• Task: Your answer must be an exact copy of the records below, with every picture left out.

• Supplied information:

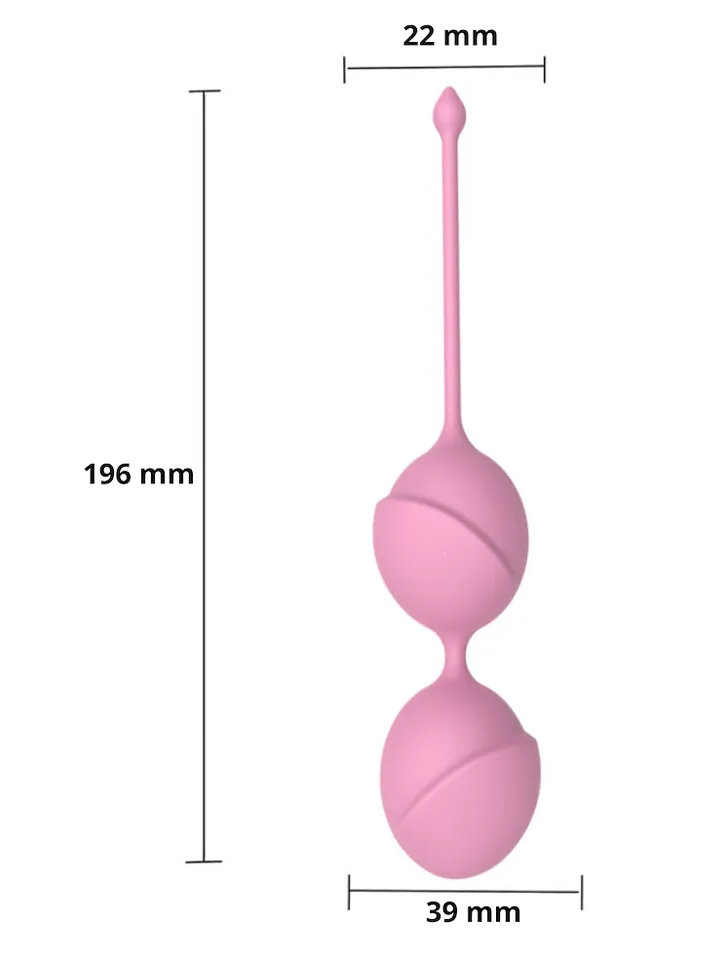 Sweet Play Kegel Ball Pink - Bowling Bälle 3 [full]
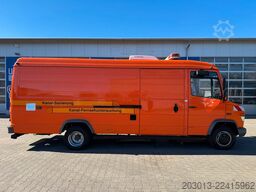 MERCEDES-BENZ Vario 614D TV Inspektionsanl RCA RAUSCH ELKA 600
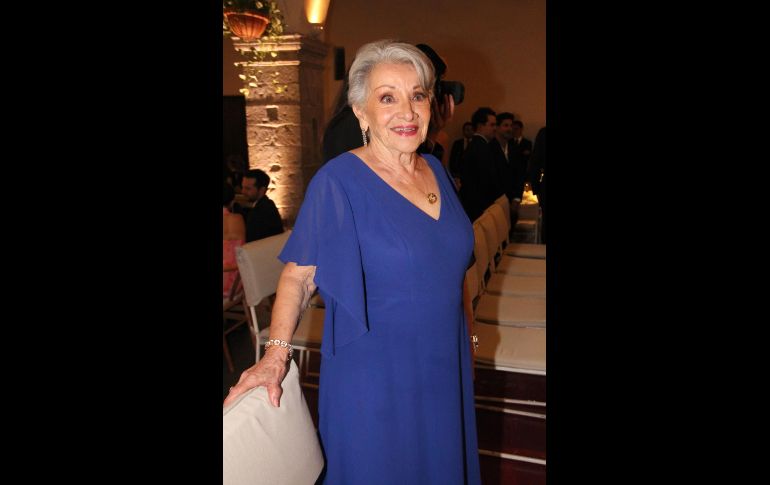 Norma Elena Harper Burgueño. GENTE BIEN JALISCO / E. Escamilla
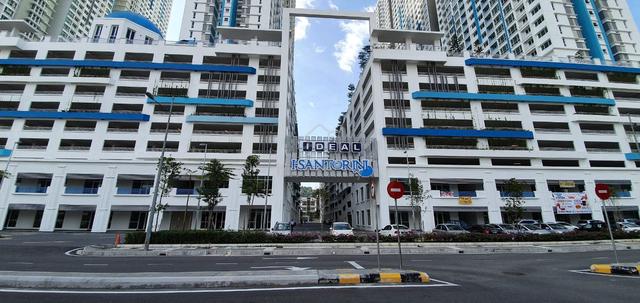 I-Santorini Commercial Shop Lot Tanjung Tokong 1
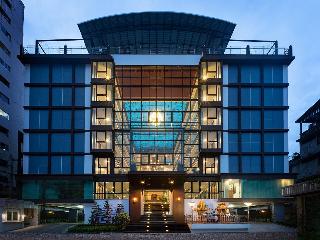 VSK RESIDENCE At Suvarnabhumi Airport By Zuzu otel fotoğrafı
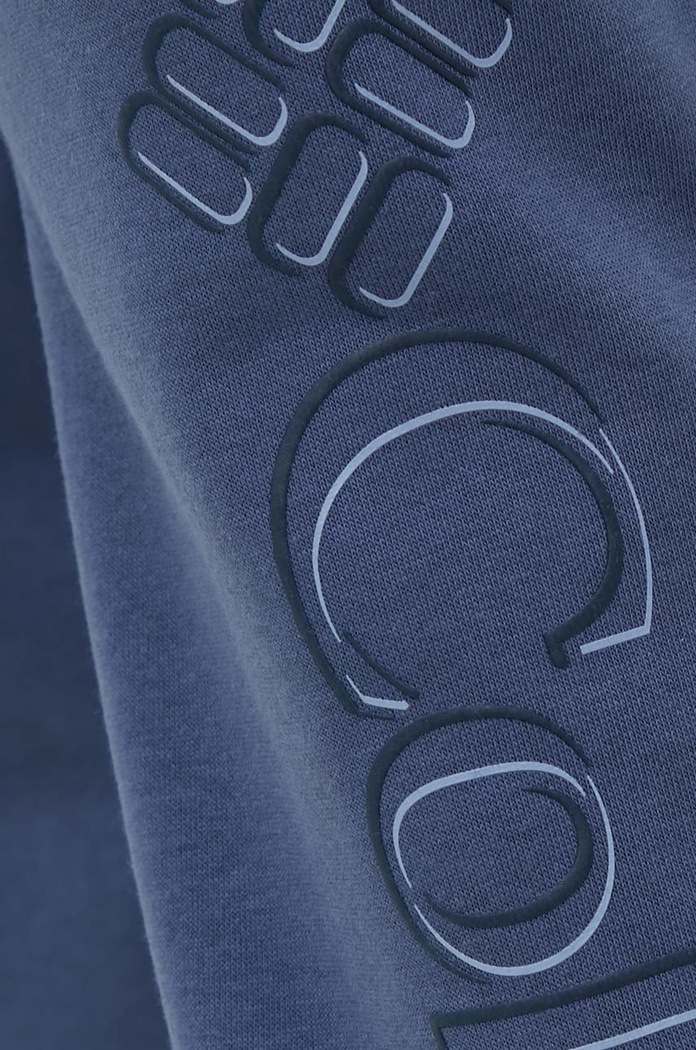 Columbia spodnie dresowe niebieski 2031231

• The completed task:
 Sweet Play Kegel Ball Pink - Bowling Bälle 3 [full]
 MERCEDES-BENZ Vario 614D TV Inspektionsanl RCA RAUSCH ELKA 600
 Norma Elena Harper Burgueño. GENTE BIEN JALISCO / E. Escamilla
 I-Santorini Commercial Shop Lot Tanjung Tokong 1
 VSK RESIDENCE At Suvarnabhumi Airport By Zuzu otel fotoğrafı
 Columbia spodnie dresowe niebieski 2031231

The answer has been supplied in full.